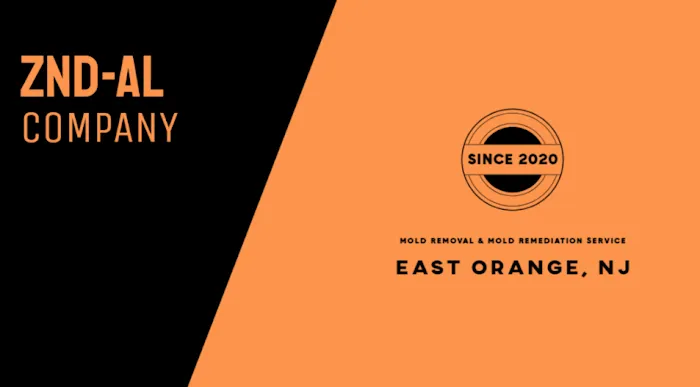 ZND-AL Mold Removal & Mold Remediation Service East Orange, NJ Picture 1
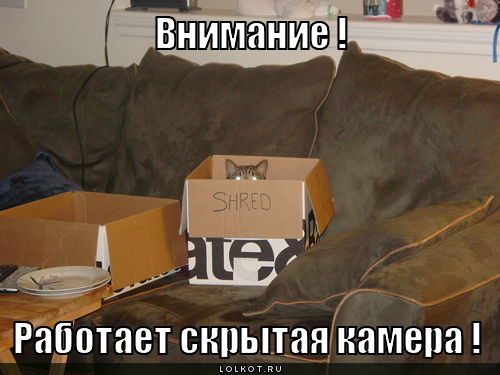скрытая камера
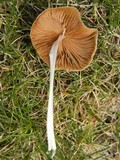 Conocybe apala image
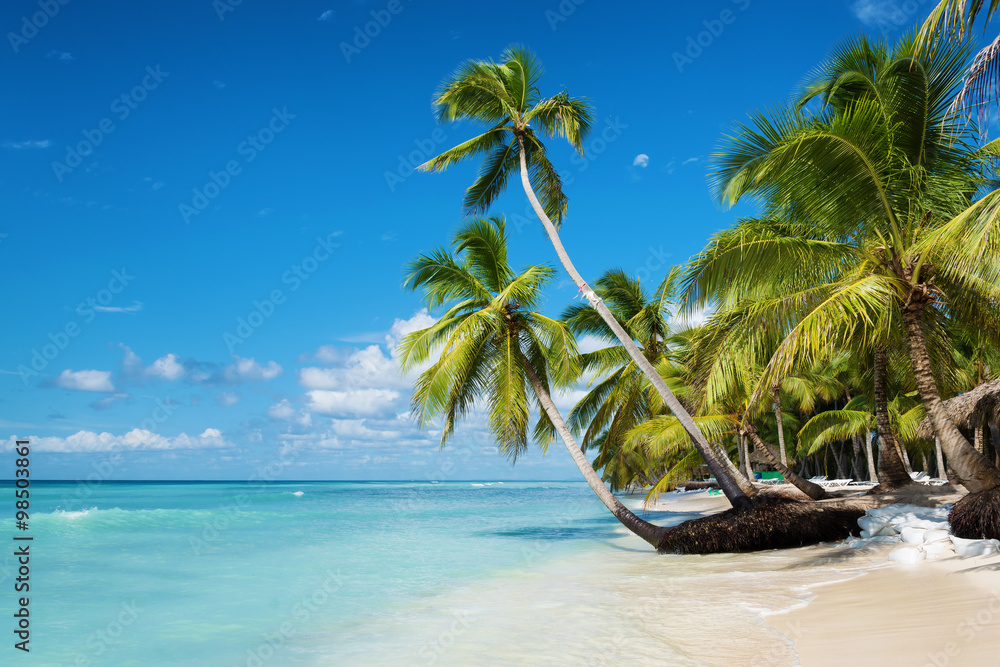Caribbean beach in Saona island, Dominican Republic - obrazy, fototapety, plakaty 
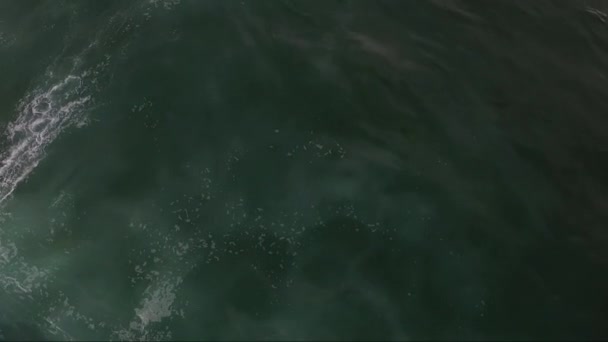 Szörfözés Atlanti Óceán Franciaország — Stock videók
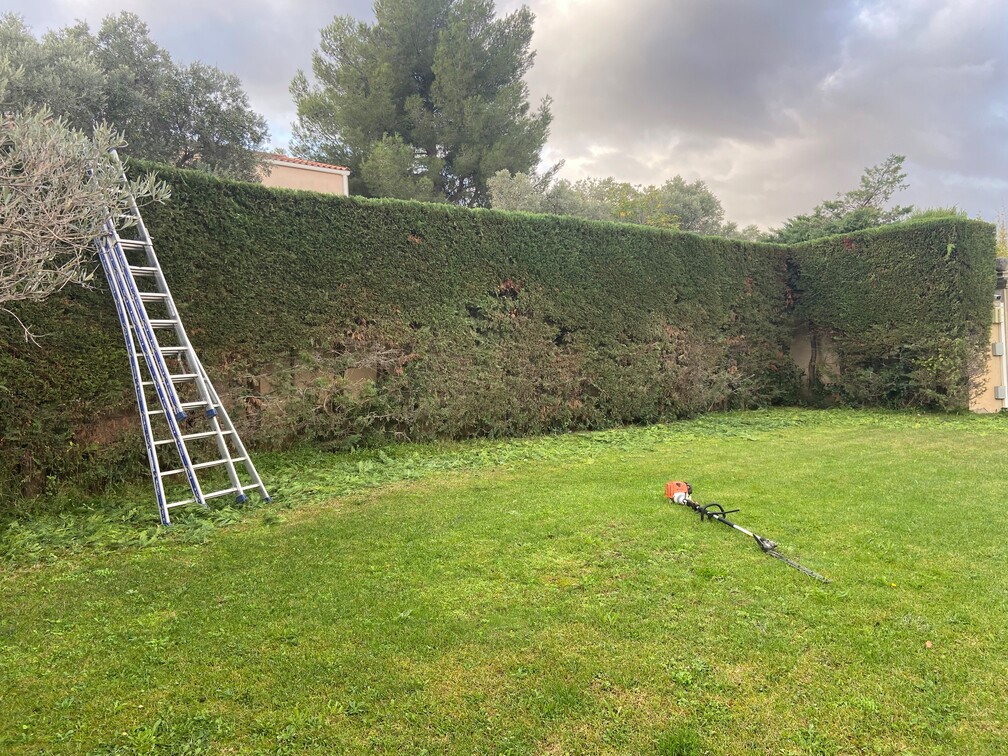 Réalisation d'une taille de haie cyprès à Marignane.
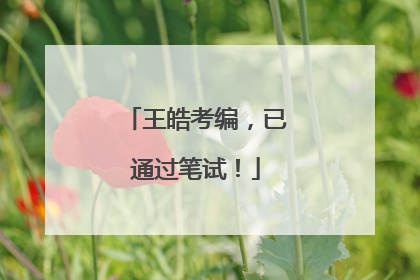王皓考编，已通过笔试！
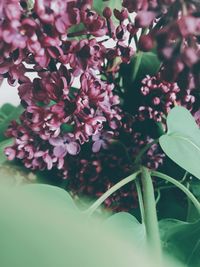 Close-up of purple flowering plant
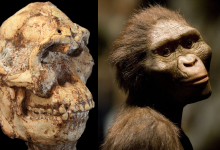 Hominídeo, Descoberta Arqueológica, Evolução Humana, Australopithecus prometheus, Esqueleto completo, Cavernas Sterkfontein, Paleontologia, Ronald Clarke, Robin Crompton, Lesão no braço, Fósseis, Paleontólogo, Biologia Evolutiva, Little Foot, Marcha ereta, Arqueólogo, Universidade de Witwatersrand, Espécie humana, Evolução da marcha, Descoberta científica, Antropologia Física, Controvérsia científica, Registros fósseis.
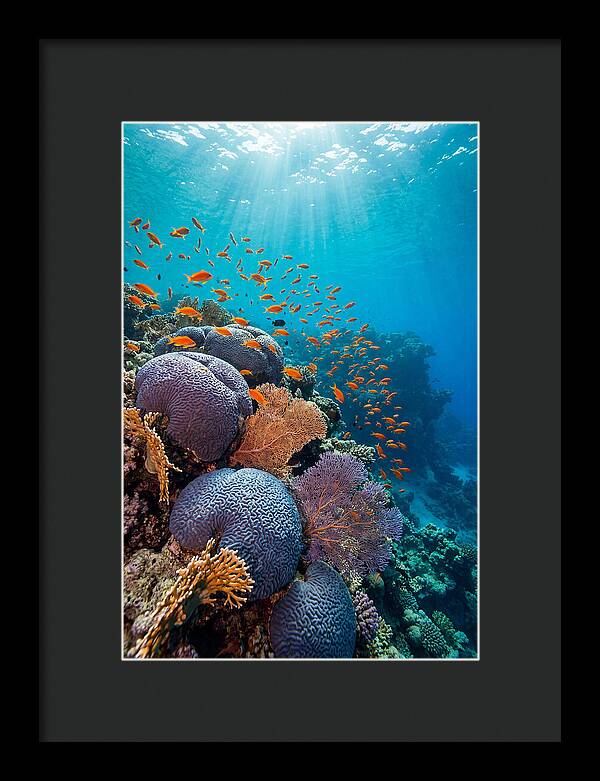 Beneath The Surface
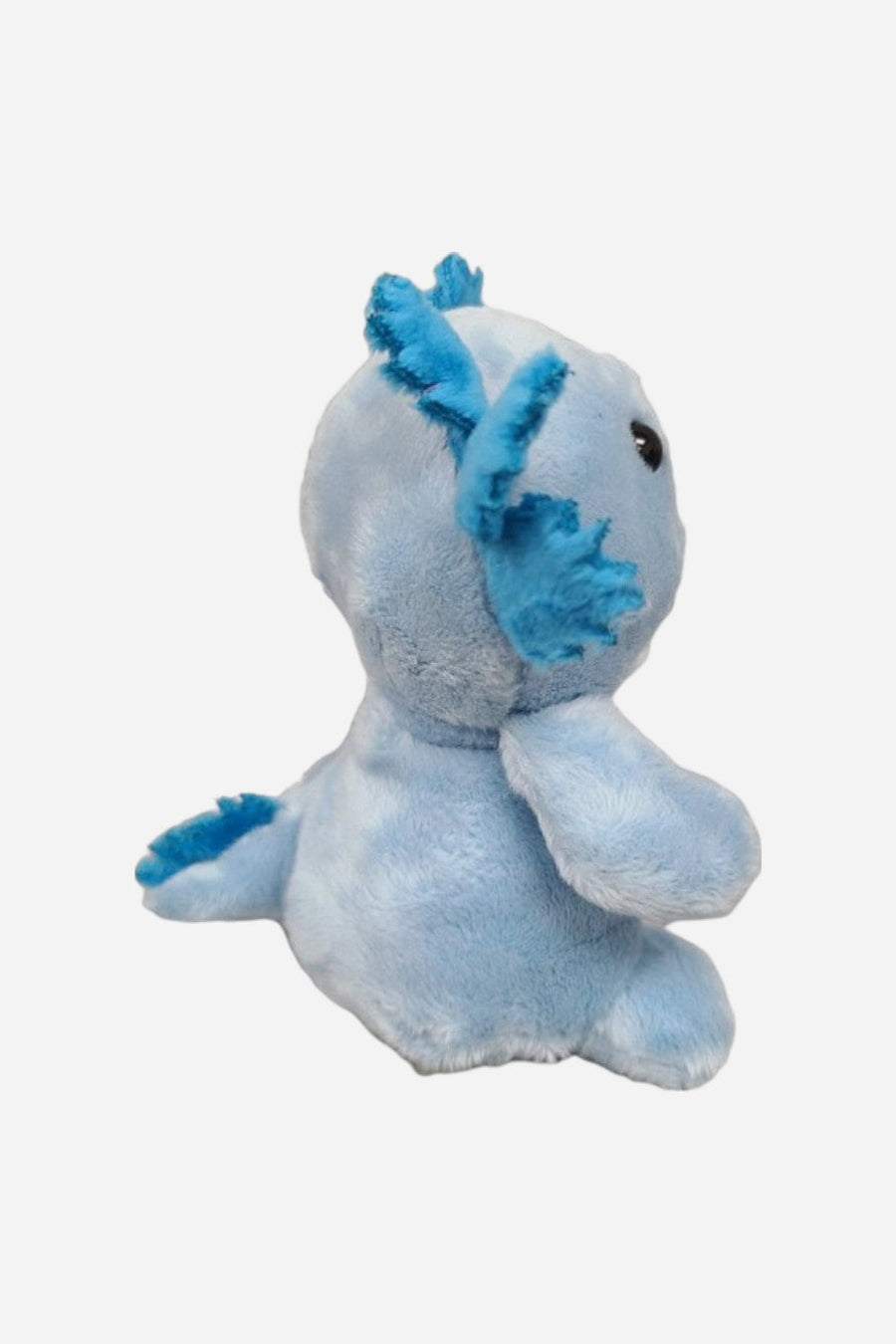 Canned Axolotl (Blue) – flat lay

▶ **YOUR GOAL**: For this exercise, print all of the entries exactly as they appear, but without pictures.

▶ **RESPONSE AREA**:
 ZND-AL Mold Removal & Mold Remediation Service East Orange, NJ Picture 1
скрытая камера
 Conocybe apala image
Caribbean beach in Saona island, Dominican Republic - obrazy, fototapety, plakaty 
 Szörfözés Atlanti Óceán Franciaország — Stock videók
 Réalisation d'une taille de haie cyprès à Marignane.
王皓考编，已通过笔试！
 Close-up of purple flowering plant
 Hominídeo, Descoberta Arqueológica, Evolução Humana, Australopithecus prometheus, Esqueleto completo, Cavernas Sterkfontein, Paleontologia, Ronald Clarke, Robin Crompton, Lesão no braço, Fósseis, Paleontólogo, Biologia Evolutiva, Little Foot, Marcha ereta, Arqueólogo, Universidade de Witwatersrand, Espécie humana, Evolução da marcha, Descoberta científica, Antropologia Física, Controvérsia científica, Registros fósseis.
 Beneath The Surface
 Canned Axolotl (Blue) – flat lay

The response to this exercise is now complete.